Finally, we analyzed increases in physiological arousal between conditions and tasks as measured by (a) pupil dilation and (b) skin conductance response. A focus was placed on differences in affective responses to our manipulation of EV-difference between conditions, indicating differences in processing. As dependent measures we calculated peak arousal scores, that is, the maximum increase of arousal as measured by pupil dilation and skin conductance from baseline (i.e., measured at fixation cross presentation) in the respective part of the decision process. We thereby conducted analyses separately for the information search phase (i.e., in which the information about the options was presented and sampled) and the decision phase (i.e., in which the decision screen was presented). Due to unsystematic breakdowns of the NEXUS system, we lost parts of the data for several participants, leaving us with 33 (out of the 44) complete sets for the analysis of skin conductance (15 experience, 18 description). Peak arousal scores for pupil dilation and skin conductance response showed a medium correlation [r = 0.34, t(35) = 2.13, p < 0.05; scores aggregated at the task level].

Pupil dilation

For both conditions, we regressed pupil dilation scores on absolute EV-difference (based on objective probabilities and outcomes), controlling for effects of trial order by including trial number as predictor, and differences between subjects by including subject dummies. In the description condition, pupil dilation decreased with increasing EV-difference, which was not the case in the experience condition (Figure 4, left). The effect in the description condition turned out significant both in the information search phase [b = −0.014, t(21) = −3.03, p = 0.006] and the decision phase [b = −0.010, t(21) = −2.11, p = 0.047]. In the experience condition, the effect was not significant [information search phase: b = −0.00097, t(21) = 0.29, p = 0.77; decision phase: b = −0.0029, t(21) = −0.66, p = 0.518]¹¹ which also holds when using experienced (i.e., subjectively sampled) probabilities to calculate EV-difference instead of objective probabilities (both p > 0.25).

FIGURE 4

Figure 4. Physiological arousal. Note. The graphs show predicted peak arousal scores for Pupil Dilation (left panel) and Skin Conductance Response (right panel) with high numbers indicating high arousal. Both scores are differences from baseline measured at presentation of the fixation cross preceding the respective trial. Pupil dilation scores are in millimeters and refer to changes in radius. Graphs are based on a joint analysis over information search phase and decision phase.

Skin conductance response

We regressed skin conductance response scores on absolute EV-difference, controlling for effects of trial order, and differences between subjects by including subject dummies. The results nicely converge with the findings concerning pupil dilation: skin conductance response decreased with increasing EV-difference in the description condition but not (or much less so) in the experience condition (Figure 4, right). EV-difference did not predict arousal for the experience condition, neither in the information search phase nor in the phase in which the decision screen was shown (both p > 0.23). In the description condition, by contrast, we found strong corresponding effects in both the search phase [b = −0.034, t(17) = −2.31, p = 0.034] and the decision phase [b = −0.022, t(17) = −3.04, p = 0.007]. Since the decision phase was exactly identical in both conditions, the difference between conditions indicates that there might be qualitative differences in processing between both conditions that do not only concern trivial differences in information search but also the way in which information is integrated. We will discuss this issue in more detail the Section “Discussion.”

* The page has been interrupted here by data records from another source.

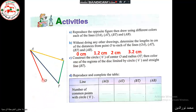Now we construct circle C with center O and radius OT. We place the needle of the compass on O, open it until the pencil touches point T, and draw the circle.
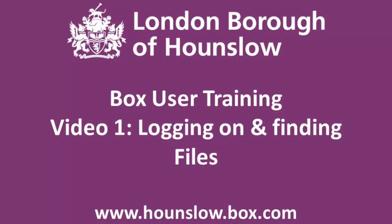Welcome to the Hounslow Box.com user training. An account has been created for you as part of the desktop refresh program. This short video will help you to get started using your account.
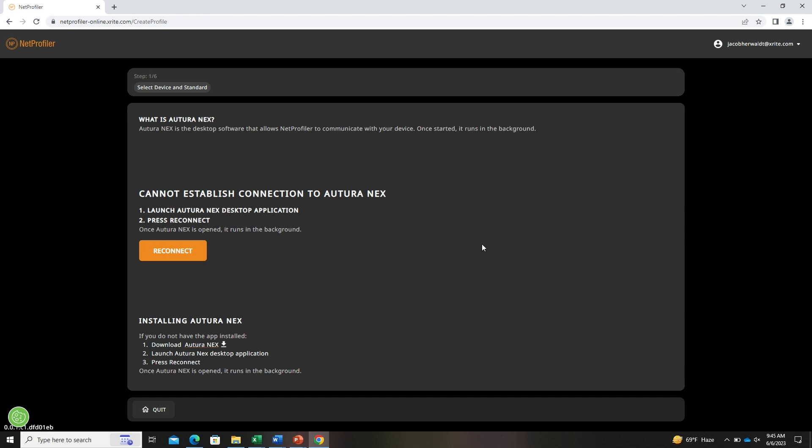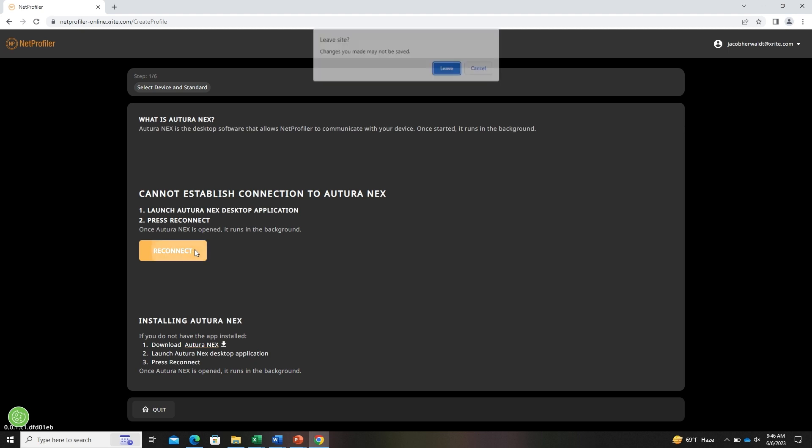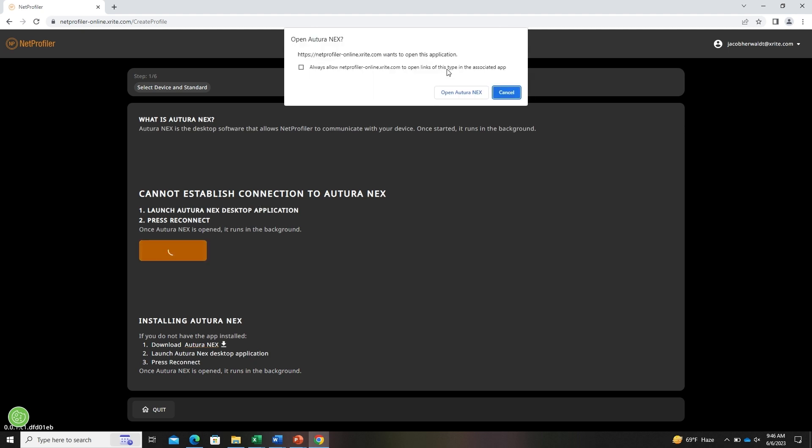Next, you'll need to download Turanext if you do not already have it installed. Once launched, it runs in the background and allows the device to talk to NetProfiler online. If you already have Turanext downloaded on your computer, you can click the reconnect button which will launch Turanext.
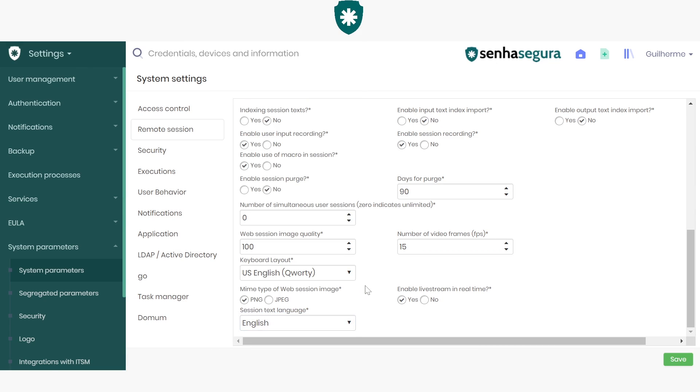It is appropriate that these two fields follow the same language. This way, the ACR used by Senha Segura can identify texts in the language that is being written. During the Remote Session, we can authenticate and audit these texts.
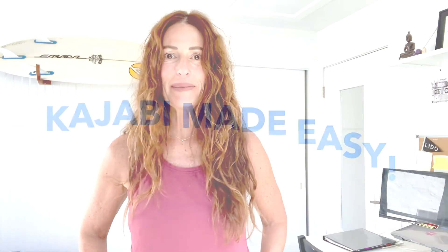Hi guys! Today I'm going to show you how to create an email sequence for a launch or a webinar or anything else in Kajabi.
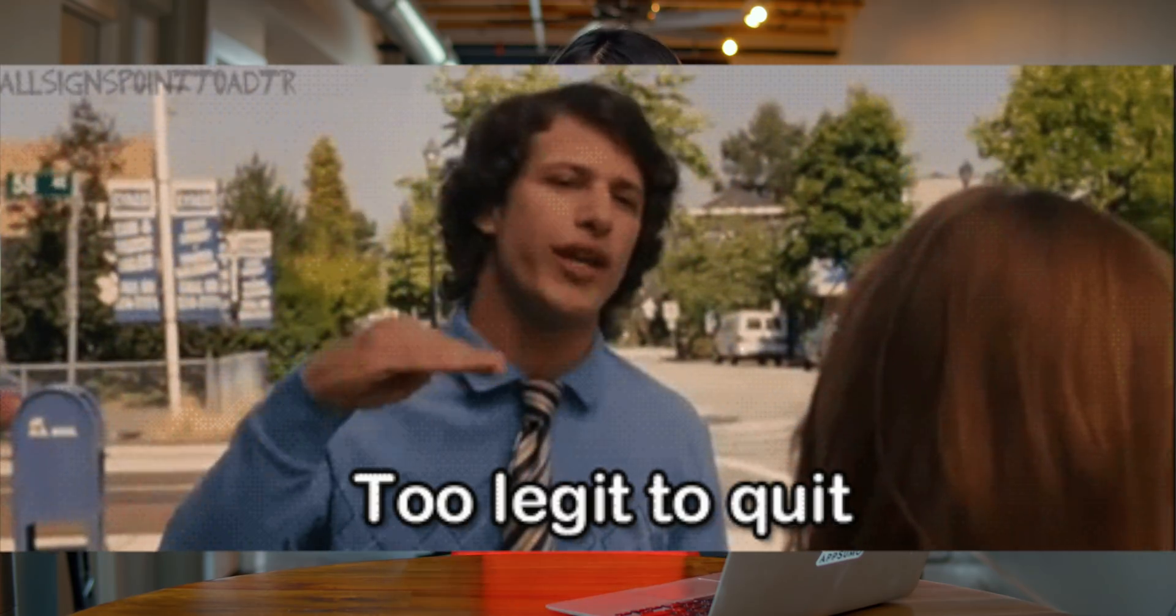If you can take a screenshot, you can make a video. Don't believe me? Let me show you how it's done.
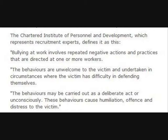Bullying at work involves repeated negative actions and practices that are directed at one or more workers. The behaviours are unwelcome to the victim and undertaken in circumstances where the victim has difficulty in defending themselves. Their behaviours may be carried out as a deliberate act or unconsciously. These behaviours cause humiliation, offence and distress to the victim.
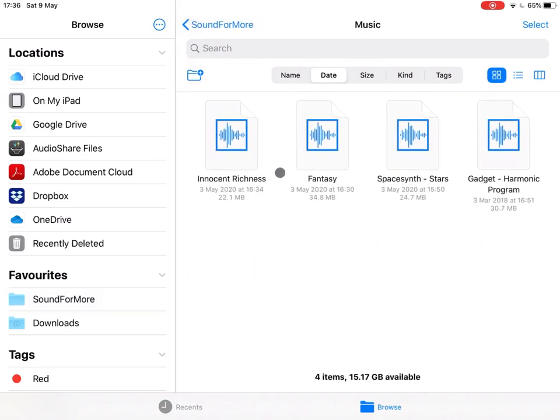So I am inside my SoundForMore folder. I click on Music. This is a folder I created. I have four songs that I have actually composed using Core Gadget.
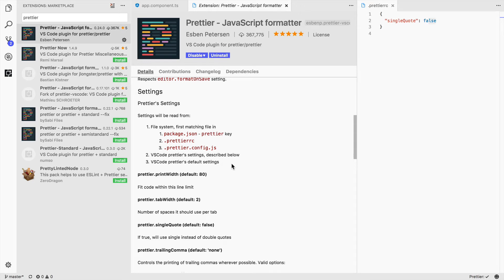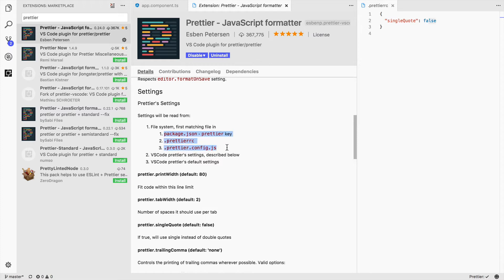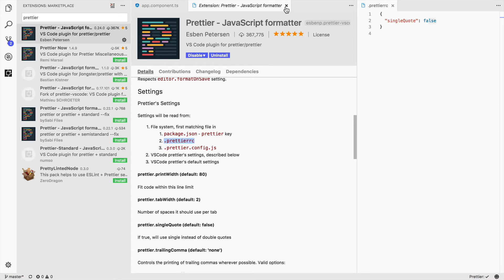Let's talk about the Prettier configuration. We saw we can set the configuration using any of these settings, and we have these options and these configuration files. So how do we put them together? Let's try the Prettier RC format.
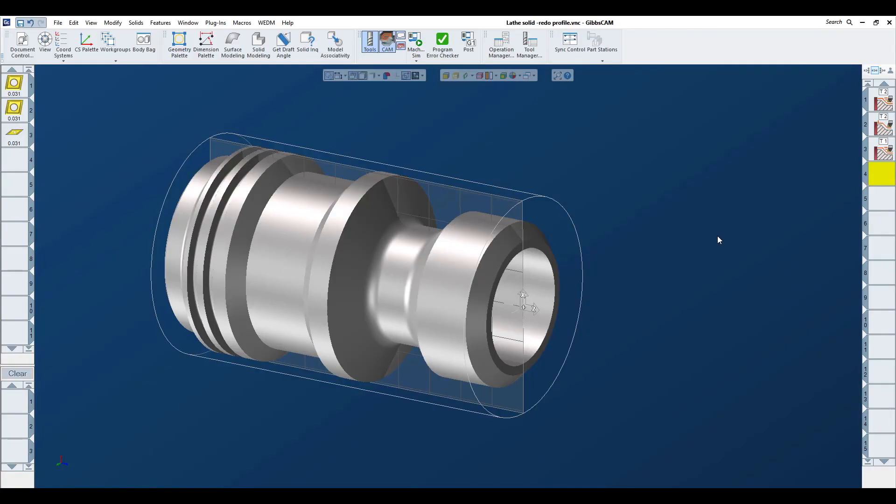Hello. In today's 3D Systems GibbsCam Tech Tip, we're going to have a look at three very powerful but simple tools to help us program turning operations using solid models. These are saved processes, the use of profiler, and replacing a model.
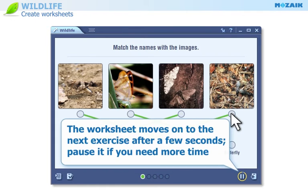You only have a few seconds to discuss the answers before the worksheet moves on to the next exercise. Click on the pause button if you need more time.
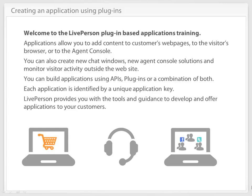Welcome to the LivePerson plugin-based applications training. Applications allow you to add content to customers' web pages, to the visitor's browser, or to the agent console.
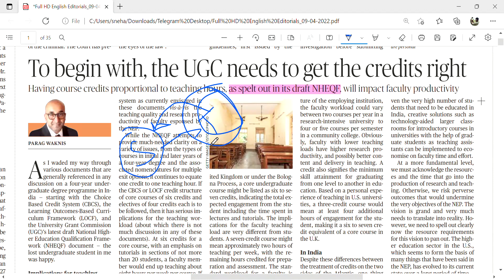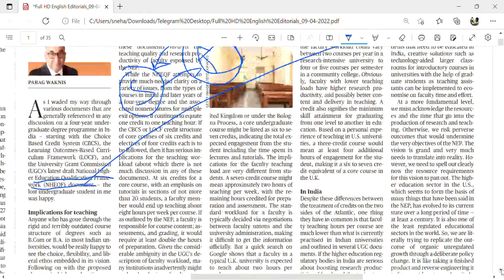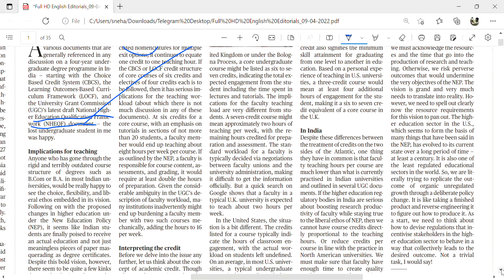The hours of teaching are directly proportional to the credits students get in semesters. This editorial analysis addresses faculty productivity and the new drafting committee — the National Higher Education Qualification Framework (NHEQF). According to that framework, if credits are proportional to the number of hours taught, faculty productivity might be affected. If hours differ, content will be minimized or increased proportionally, while credits reflect both theoretical and practical performance.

Note, however, that the general level of arousal did not differ significantly between conditions, neither for pupil dilation [b = −0.009, t(43) = 0.5, p = 0.62] nor for skin conductance response [b = 0.023, t(32) = 0.87, p = 0.40], and coefficients even pointed in opposite directions (condition dummy coded with Experience = 1).

Discussion

In the current work, we examined processing differences between one-shot decisions from description vs. experience using eye-tracking, cognitive modeling, and physiological arousal. Concerning choices, we did not find underweighting of low-probability outcomes in experience-based decisions and therefore our results do not replicate the description-experience gap in choices. It is noteworthy that this also holds when considering the 37 decisions independently (see Appendix A). Although we did not expect this result, it is interesting since it is in line with recent evidence pointing at important moderators for observing the descriptions-experience “gap¹².”

First, our findings are in line with Camilleri and Newell (2011b) who find that behavior in one-shot experience-based decisions (i.e., sampling information and then making one decision that is incentivized) leads to behavior more in line with decisions from description compared to repeated experience-based decision (i.e., each sample is incentivized and individuals receive immediate feedback; see also text footnote 1, above). Second, in our study, participants sampled more than twice as often as participants in the original study on one-shot experience-based decisions by Hertwig et al. (2004). As a consequence of this low sampling rate, 78% of their participants sampled the rare event less often than expected (Camilleri and Newell, 2011b). We did not observe such a bias in sampling. Therefore, our findings are in line with Ungemach et al. (2009) in showing that the gap reduces with increasing sample size and the argument that the effect is largely driven by biased samples (Fox and Hadar, 2006; Camilleri and Newell, 2011b).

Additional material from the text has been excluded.